§ **TASK ITEM**:
Copy out exactly the stretch of the listing below that begins at the line containing "MANHATTAN CIGARETTE JEANS BLACK" and ends at the line containing "Uvex 9557841 2", and copy nothing outside it.

§ **PROVIDED INFORMATION**:
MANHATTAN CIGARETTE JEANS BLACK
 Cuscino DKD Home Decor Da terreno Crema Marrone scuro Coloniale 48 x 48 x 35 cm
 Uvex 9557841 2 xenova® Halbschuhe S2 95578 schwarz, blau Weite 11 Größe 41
==
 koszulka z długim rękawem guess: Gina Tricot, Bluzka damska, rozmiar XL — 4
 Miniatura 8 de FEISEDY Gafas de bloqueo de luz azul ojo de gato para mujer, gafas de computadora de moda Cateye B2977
==
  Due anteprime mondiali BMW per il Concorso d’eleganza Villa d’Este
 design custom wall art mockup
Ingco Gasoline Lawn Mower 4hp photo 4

§ **EXERCISE SOLUTION**:
MANHATTAN CIGARETTE JEANS BLACK
 Cuscino DKD Home Decor Da terreno Crema Marrone scuro Coloniale 48 x 48 x 35 cm
 Uvex 9557841 2 xenova® Halbschuhe S2 95578 schwarz, blau Weite 11 Größe 41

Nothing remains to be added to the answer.